YOUR ASSIGNMENT →
Copy the lines below exactly, starting with the first and finishing with the one holding "new 2026 Honda HR-V car, priced at $29,550"; do not copy the pictures.

EXERCISE DATA →

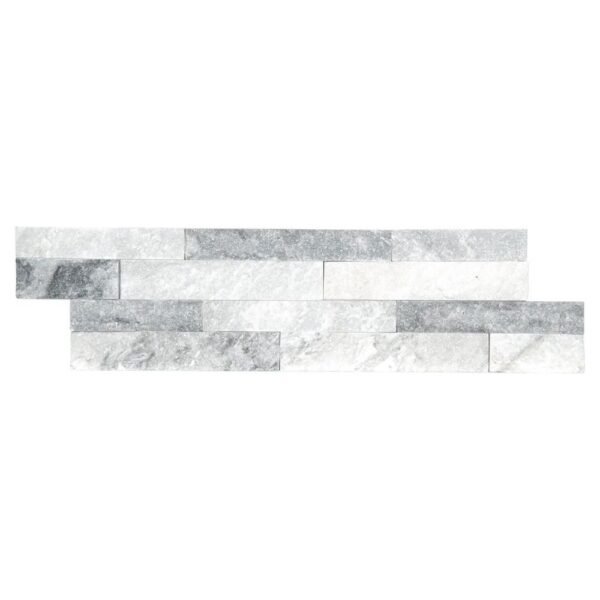 MSI Surfaces Wall Tiles Alaska Gray-Light Splitface 4-1/2" x 16" - Image 4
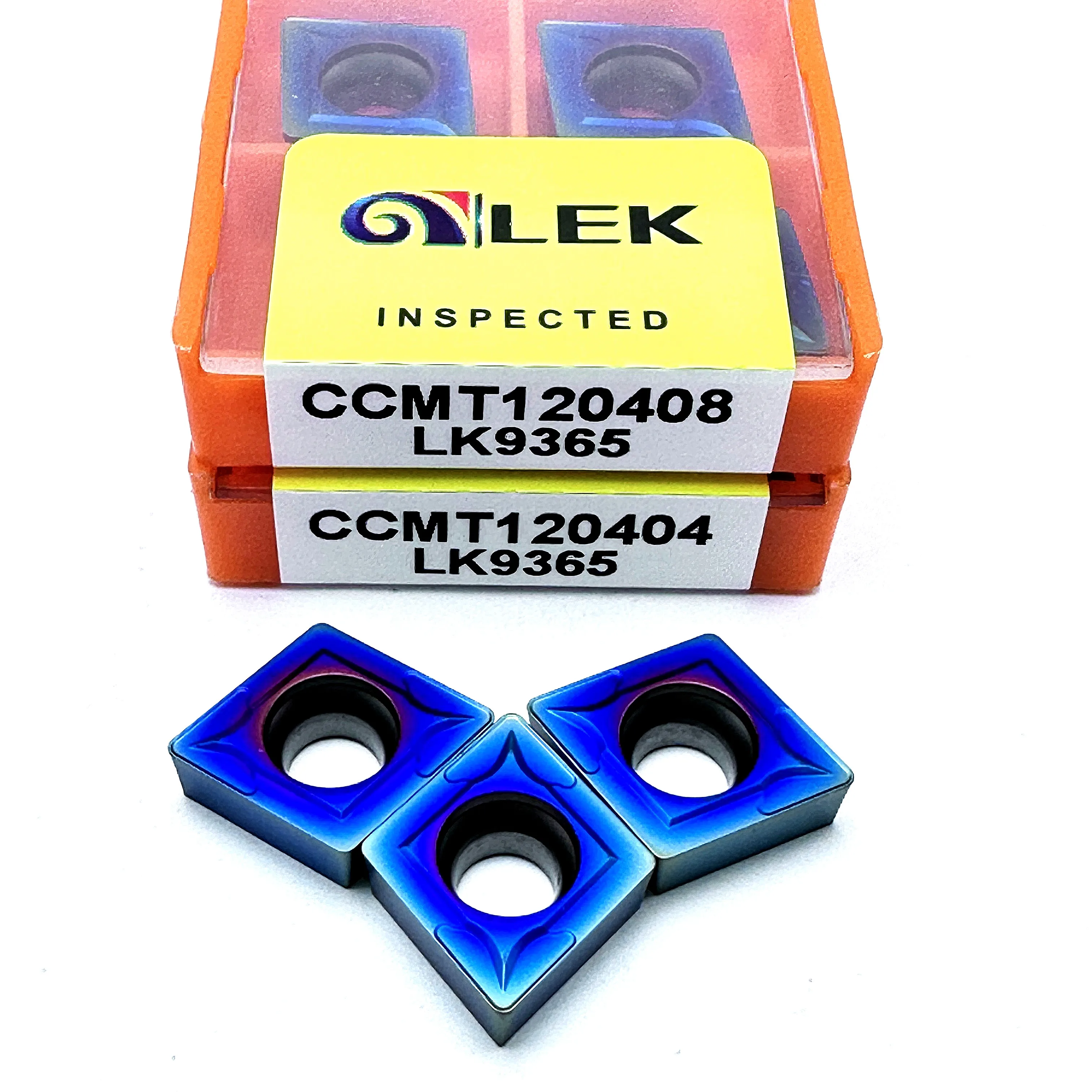 

CCMT060204 CCMT09T304 CCMT120404 Carbide inserts CNC Internal Turning Tool Steel processing lathe Cutting Tools nano coating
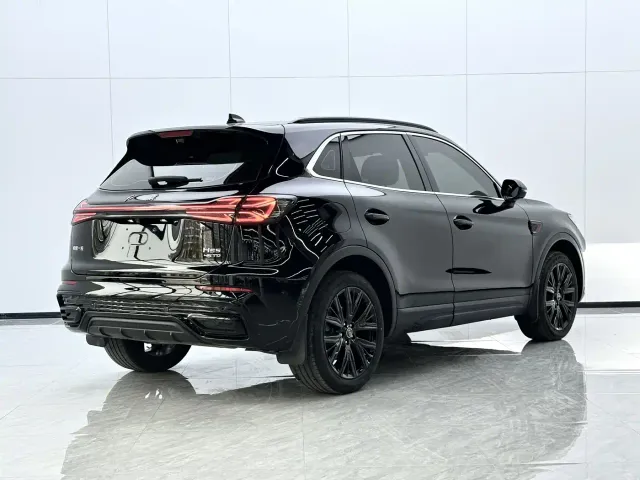 Hongqi HS5 — Фото автомобиля 14
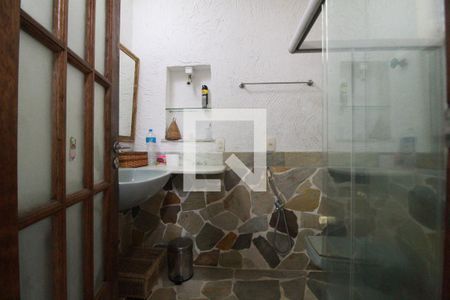 Studio para alugar com 160m², 2 quartos e sem vagaBanheiro social 1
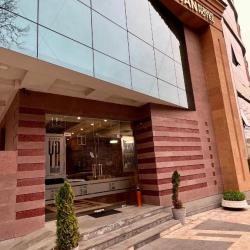 Фото Отель Yerevan Resident Hotel ( Резидент)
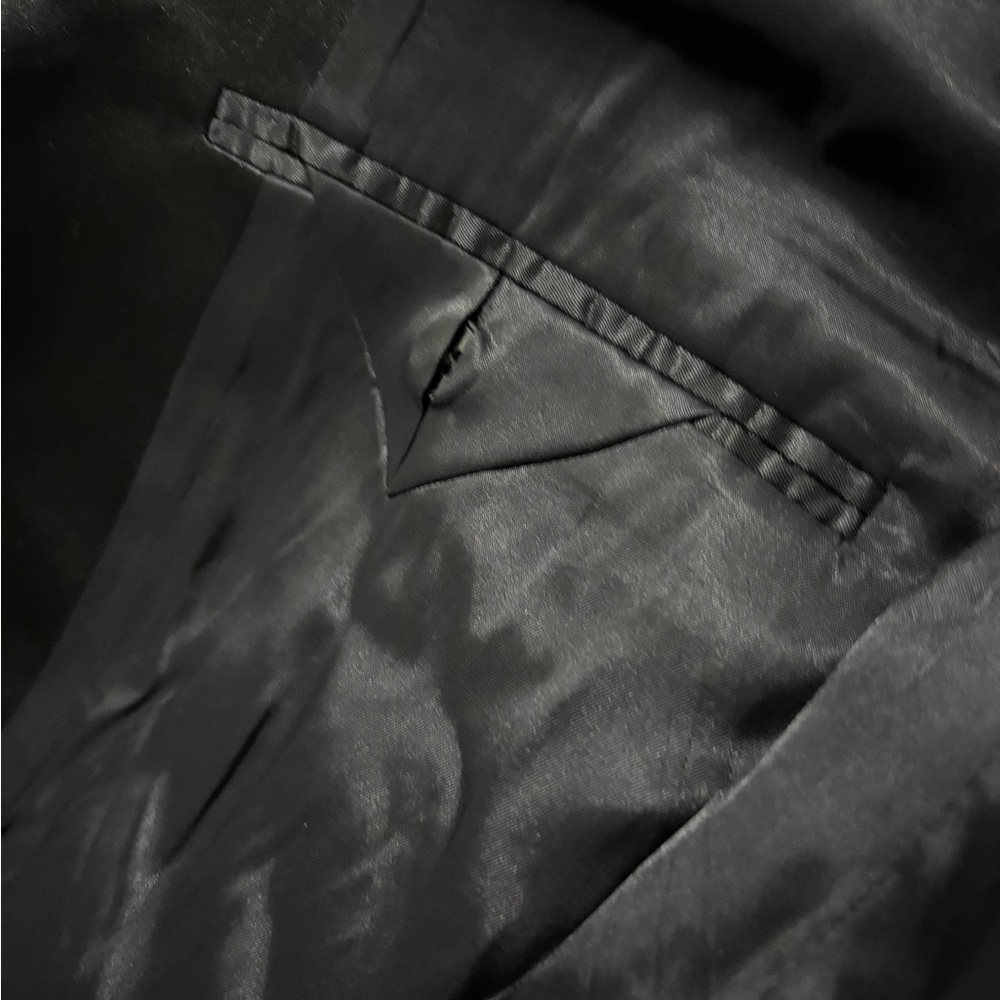 Ralph Lauren Polo Black Jacket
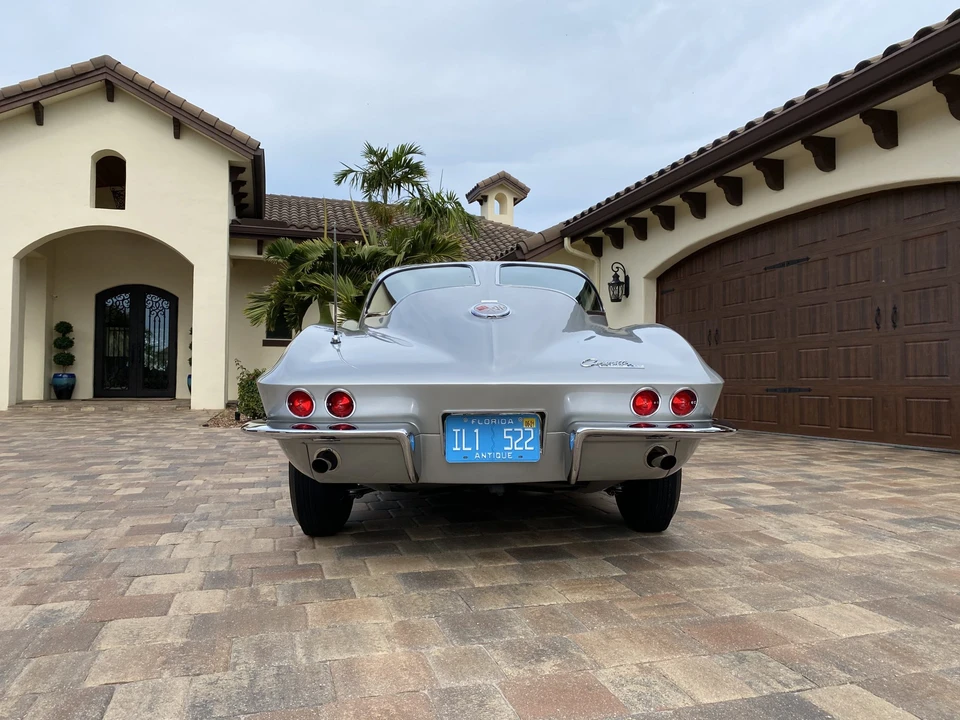 1963 Chevrolet Corvette C2 - Image 10 of 31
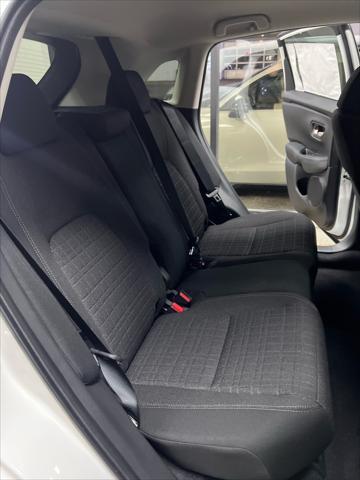 new 2026 Honda HR-V car, priced at $29,550
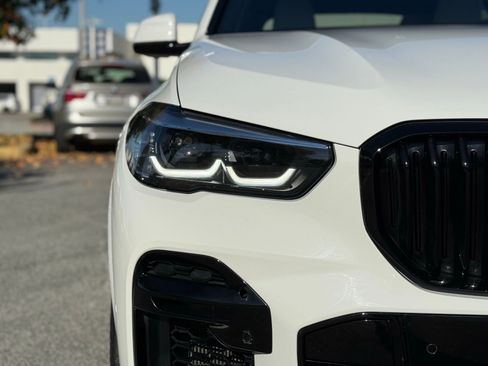 Certified 2023 BMW X5 xDrive40i w/ M Sport Package image 13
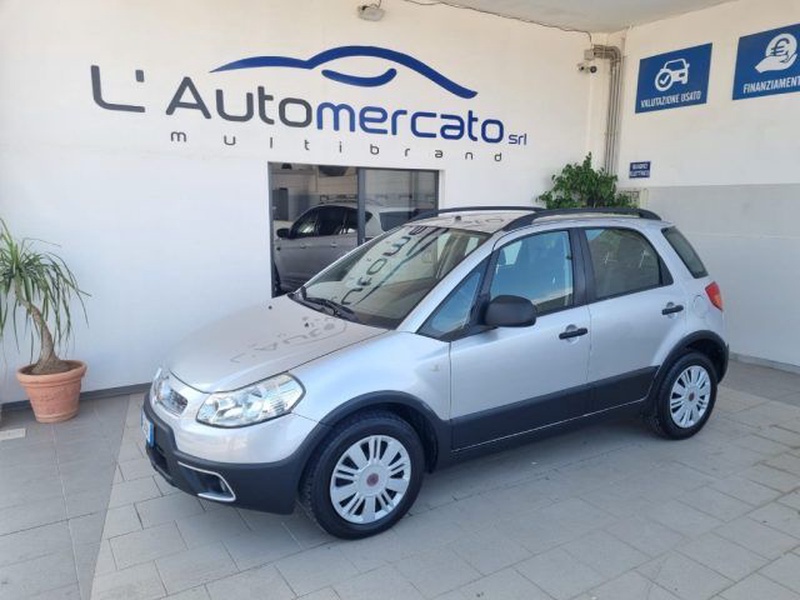 Fiat Sedici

EXERCISE RESPONSE →
 MSI Surfaces Wall Tiles Alaska Gray-Light Splitface 4-1/2" x 16" - Image 4

CCMT060204 CCMT09T304 CCMT120404 Carbide inserts CNC Internal Turning Tool Steel processing lathe Cutting Tools nano coating
 Hongqi HS5 — Фото автомобиля 14
 Studio para alugar com 160m², 2 quartos e sem vagaBanheiro social 1
 Фото Отель Yerevan Resident Hotel ( Резидент)
 Ralph Lauren Polo Black Jacket
 1963 Chevrolet Corvette C2 - Image 10 of 31
 new 2026 Honda HR-V car, priced at $29,550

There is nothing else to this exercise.